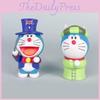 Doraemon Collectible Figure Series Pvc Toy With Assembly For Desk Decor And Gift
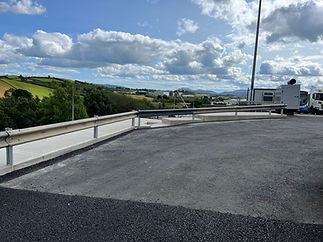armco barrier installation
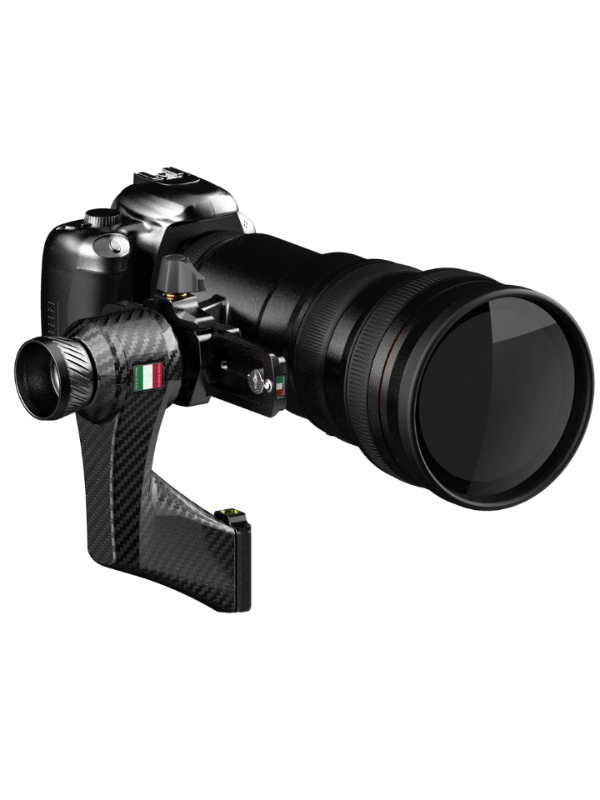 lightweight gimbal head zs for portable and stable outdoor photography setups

...

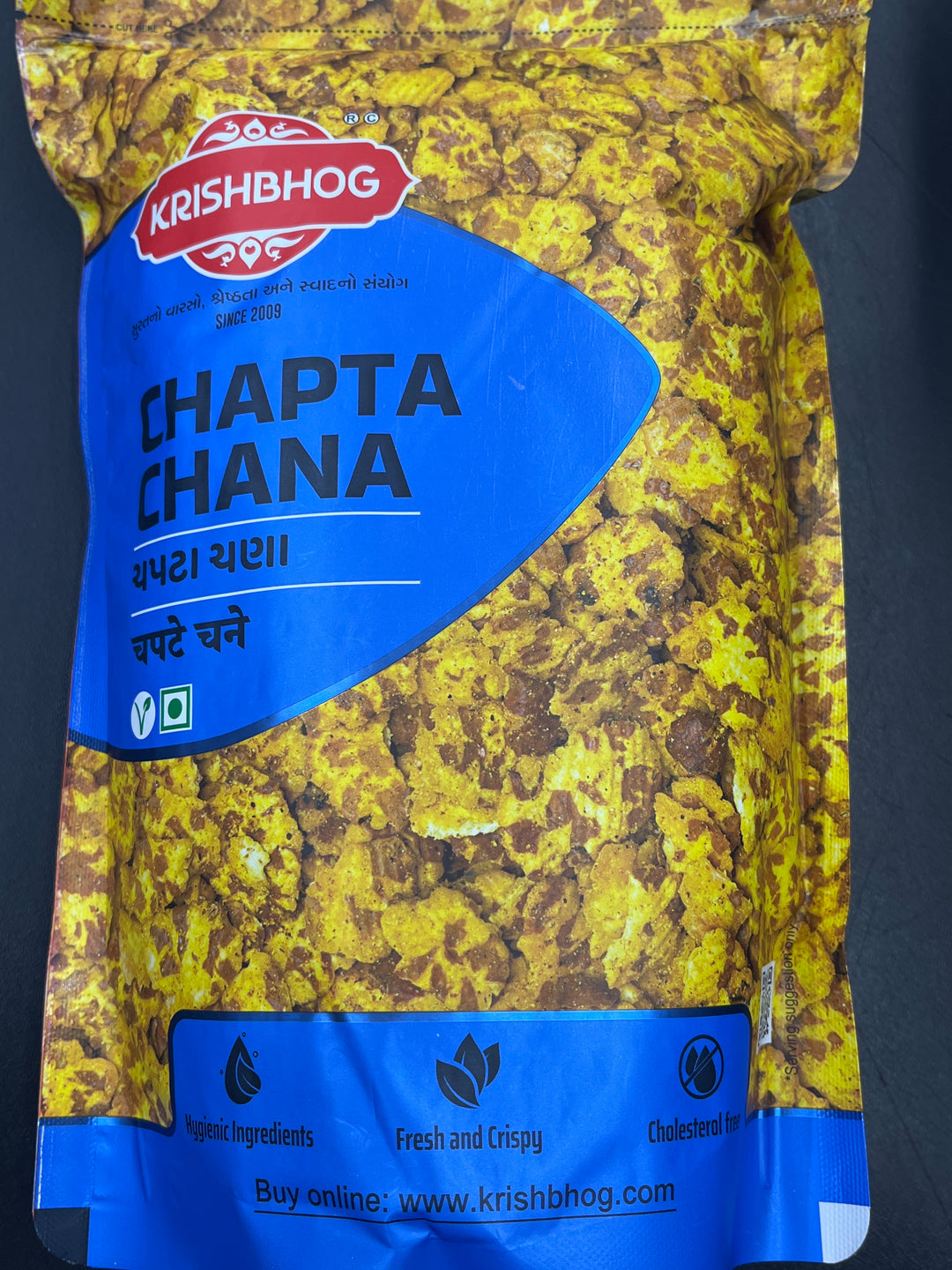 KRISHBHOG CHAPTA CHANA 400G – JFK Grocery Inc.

Task objective:
Write out the lines above from the one with "armco barrier installation" through the one with "lightweight gimbal head", ends included, exactly; no picture goes in.

Solution for this task:
armco barrier installation
 lightweight gimbal head zs for portable and stable outdoor photography setups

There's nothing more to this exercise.